Prognostic factors of patients with pathologic stage I lung adenocarcinoma

Introduction

Lung cancer remains one of the most common causes of cancer-related deaths worldwide. Increasingly more research is aimed at investigating the clinicopathologic parameters or gene mutations involved in the survival of patients with lung cancer. Although the 5-year survival rate of stage I non-small cell lung cancer (NSCLC) is between 68% and 92% (stage IA1 to IB) (1), there is still much scope for progress. In our previous study (2), we reviewed the predictors of postoperative recurrence in NSCLC and postulated that those results may help optimize patient selection for specified surveillance guidelines and personalized adjuvant therapies to prevent potential occult micrometastases. In Taiwan, lung adenocarcinoma is the most common histologic subtype (12,648/21,536, 58.73%) that had become more prevalent among non-smoking women (3). Moreover, predictors of postoperative outcomes in lung adenocarcinoma have been a popular investigatory target in recent years. Therefore, we used the search engine PubMed and reviewed papers about the risk factors of postoperative outcomes in patients with stage I lung adenocarcinoma (Table 1).

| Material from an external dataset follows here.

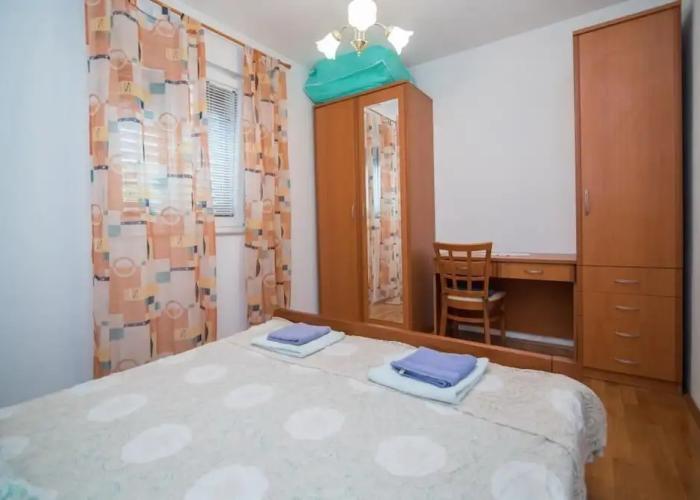 Apartments Longo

Table 1 Comparison of prognostic factors for patients with stage I lung adenocarcinoma
Full table

Risk factors of postoperative outcomes in pathologic stage I lung adenocarcinoma

We utilized key words such as “predictors” or “risk factors” and “stage I lung adenocarcinoma” in PubMed. Twenty-nine papers were found published between 1994 and 2017. Among these, 21 (72.41%) papers were published in the last 5 years and the patient populations of 22 studies were Asian. Therefore, an increasing number of patients with early-stage lung adenocarcinoma have been treated in the recent decades and therapeutic outcomes are still being investigated. The studies listed in Table 1 provide a broad overview of the geographical distribution and high prevalence of lung adenocarcinoma in Asia.

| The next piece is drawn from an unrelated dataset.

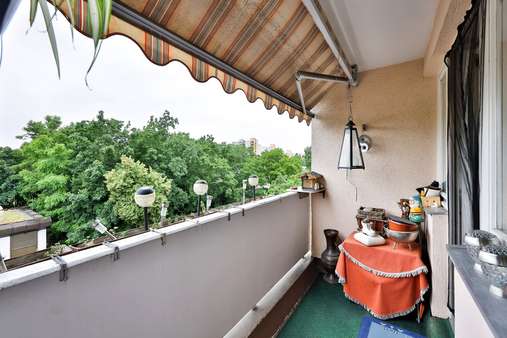 Balkon - Etagenwohnung in 90449 Nürnberg mit 85m² kaufen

Micropapillary components were thought as predictors of poor outcomes in patients with stage I lung adenocarcinoma in 4 studies (4-7). They have been proven to reflect an aggressive subtype of lung adenocarcinomas with poor prognosis (33-36). De Oliveira Duarte Achcar et al. (37) concluded that K-ras, EGFR, and BRAF mutations occur at increased frequencies in lung adenocarcinomas showing greater than 75% micropapillary growth. There is a close relationship between histology appearances and gene mutations. Other predictors for pathologic stage I lung adenocarcinoma are clinicopathologic parameters, such as tumor size (4,16), TNM stage (4,13), aerogenous spread (5,9), tumor differentiation (4), bronchial involvement (4), lymphovascular invasion (4,18,23,26), positive thyroid transcription factor-1 (TTF-1) expression (19,28), lepidic growth pattern (16), sex (16), age (22), tumor budding (14), pleural invasion (29), carcinoembryonic antigen levels (30), and standardized uptake value (SUV) index (<1.0) (25). Epigenetic factors or gene mutations involved with surgical outcomes of patients with stage I lung adenocarcinoma include BRCAl (8,20) and ERBB3 (8), K-ras mutation (10,32), HIF1A (20), DLC1 (20), XPO1 (20), MDM2 protein (11), increased nuclear CCND1 (12), tumoral CD10 (15), ACTN4 (17), EGFR (21), Podoplanin-positive CAFs (24), eukaryotic initiation factor 4E and 4E binding protein 1 (eIF4E and 4E-BP1) (27), CD117 (c-kit) (31), and p53 expression (32).

Conclusions

The studies identified in this review concluded many different factors affecting surgical outcomes of patients with stage I lung adenocarcinoma. It is difficult to clarify why these predictors showed different results in various studies. Although there are too many confounding factors, such as patient selection criteria, surgical techniques, or other comorbidities, these pathways could be novel therapeutic strategies for lung adenocarcinoma and these predictors could help in selecting high-risk patients with stage I lung adenocarcinoma for adjuvant therapy, such as target therapy, chemotherapy, radiotherapy, or immunotherapy.

Acknowledgements

None.

Footnote

Conflicts of Interest: The authors have no conflicts of interest to declare.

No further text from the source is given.